Zsitvatorok prolongó la tregua de preguerra entre los Habsburgo y los otomanos y requería que ambas partes «se tratasen con el título de emperador, no con el de rey».34 El pacto se renovó cinco veces hasta 1642 y mejoró las relaciones entre ambos al garantizar a los súbditos de los Habsburgo un trato comercial de favor en el Imperio otomano. El tributo anual pagado a los otomanos finalizó en 1606; cada renovación le había costado a los Habsburgo 200 000 florines. Las buenas relaciones fueron de vital importancia para la supervivencia de los Habsburgo, dado que el sultán, que también tenía problemas propios, rehusó aprovechar la oportunidad de la Guerra de los Treinta Años, después de considerar la idea de apoyar a los rebeldes de Bohemia. La tregua se renovó veinte años más en julio de 1649, pero el «libre donativo» de los Habsburgo se redujo ahora a 40 000 florines. Los roces persistieron, pues los intentos de los Habsburgo de aplastar a los descontentos de Hungría abrieron la puerta a la intervención otomana, que fue en aumento hasta derivar en un enfrentamiento abierto en 1662. La necesidad de coordinar el auxilio procedente del imperio consolidó los cambios constitucionales surgidos del Tratado de Westfalia y provocó que el Reichstag quedase reunido en sesión permanente a partir de 1663.35 Los Habsburgo compraron 20 años más de tregua en 1664 a cambio de 200 000 florines, pero esta vez el sultán también envió regalos, lo cual sugeriría una relación más igualitaria.

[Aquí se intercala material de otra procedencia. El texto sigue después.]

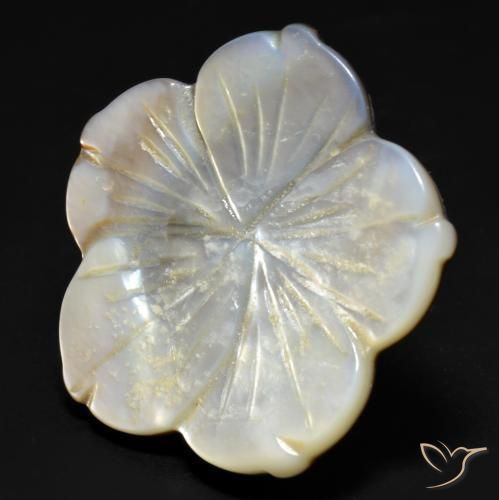 Nacre Blanc naturelle Taille Fleur, 29.23 ct, Opaque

La pauta pareció repetirse de nuevo en 1683, cuando los otomanos atacaron de nuevo Viena con intención de reafirmar su autoridad tras un periodo prolongado de agitación interna en su imperio. Pero la ciudad resistió y el asedio fue levantado por fuerzas polacas e imperiales en una victoria de verdadero carácter internacional que occidente aclamó como un nuevo Lepanto. El inmenso botín capturado incluía tiendas, alfombras y no menos de 500 prisioneros turcos que fueron obligados a establecerse en Alemania. El orientalismo sacudió Europa central mucho tiempo antes de la oleada, más conocida, que siguió a la invasión napoleónica de Egipto en 1798.36 Se esperaba incluso poder recuperar Jerusalén. La euforia inicial, no obstante, dejó paso a una larga pero exitosa guerra de desgaste que culminó con la reconquista de Hungría entre 1684 y 1699.

En el interior del imperio, este siguió evolucionando hacia una monarquía mixta. Esto significó un cambio de importancia en la relación entre los Habsburgo y los otomanos, los cuales aceptaron al fin una paz permanente, firmada en Karlowitz en 1699. Los Habsburgo se hicieron con el control de toda Hungría y Transilvania, donde borraron rápidamente cualquier rastro de 150 años de presencia musulmana. El sultán también prometió dar mejor tratamiento a los católicos de sus territorios. Pero el elemento religioso se desvanecía. Hasta la década de 1730, el emperador siguió recibiendo ayuda germana e italiana para hacer la guerra al turco, pero estos conflictos cada vez se veían más como asuntos exclusivamente austríacos. Las campanas turcas doblaron por última vez durante la guerra de 1736-1739. Cuando, en el siguiente conflicto (1787-1791) se sugirió que se volvieran a tocar de nuevo, se rechazó la sugerencia por poco ilustrada.37 Mientras tanto, los avances adicionales contra los turcos de 1716-1718 consolidaron a los Habsburgo como una gran potencia con independencia del título imperial, lo cual transformó su relación con el imperio y con otras potencias europeas.